A transação foi realizada “sem qualquer autorização da Assembleia Municipal, do compromisso de diligenciar, nomeadamente durante a revisão do Plano Diretor Municipal (PDM), pela alteração da qualificação do solo do terreno, de modo a que esta pudesse aí construir, e na aceitação de submeter a um tribunal arbitral a fixação de uma indemnização devida à sociedade comercial caso as alterações ao plano diretor municipal não fossem efetuadas”.
No acordo de 2014, no primeiro mandato do independente, o município assumiu o compromisso de devolver capacidade construtiva àquele terreno, no âmbito da atual revisão do PDM, ou recorrer a um tribunal arbitral para definir uma eventual indemnização à imobiliária.
No centro da disputa estava um terreno na escarpa do Douro, vendido por um casal que, em Montalegre, o registou por usucapião à imobiliária Selminho, em 2001, e que o tribunal considerou ser propriedade municipal, na sequência de uma ação movida pela autarquia em 2017.
Este processo foi iniciado após ter sido divulgado que um técnico da autarquia concluiu serem municipais 1661 dos 2260 metros quadrados apresentados pela Selminho para construção na escarpa da Arrábida.
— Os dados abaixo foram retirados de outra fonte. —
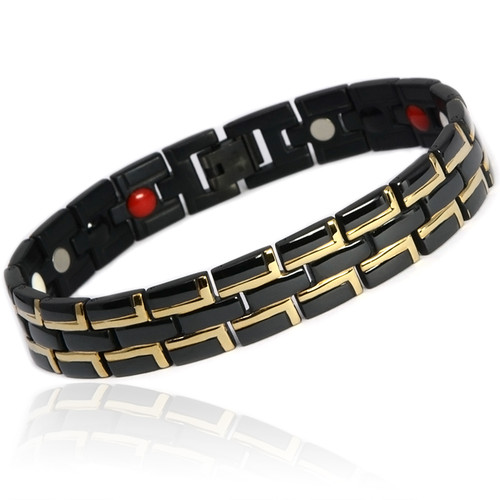 Magnetic Bracelet Novoa Men's Quad-Element Gloss Black Stainless Steel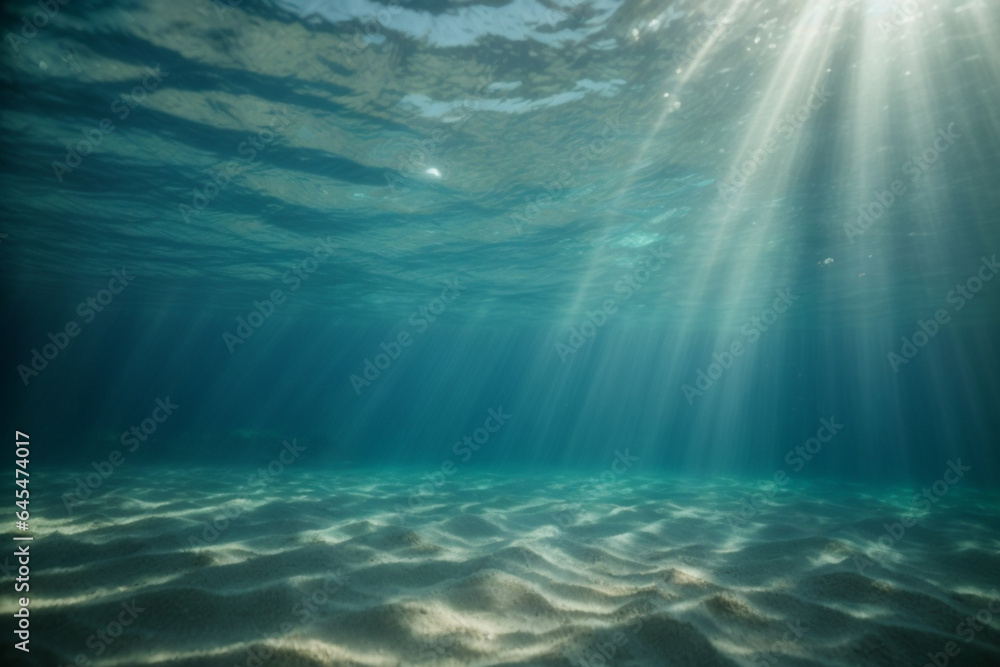 underwater background deep blue sea and beautiful light rays with sandy floor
Em maio, o Supremo confirmou a decisão do Tribunal da Relação do Porto, julgando improcedentes os recursos apresentados pela Selminho, imobiliária da família do presidente da Câmara do Porto, e pelo casal que em 2001 vendeu à empresa um terreno na Arrábida.
Em outubro de 2019, o Tribunal da Relação do Porto confirmou a decisão da primeira instância que, em janeiro desse ano, julgou “nula” a escritura de venda de 2.260 metros quadrados na Arrábida por um casal à Selminho, ordenando o “cancelamento” da sua inscrição na Conservatória do Registo Predial.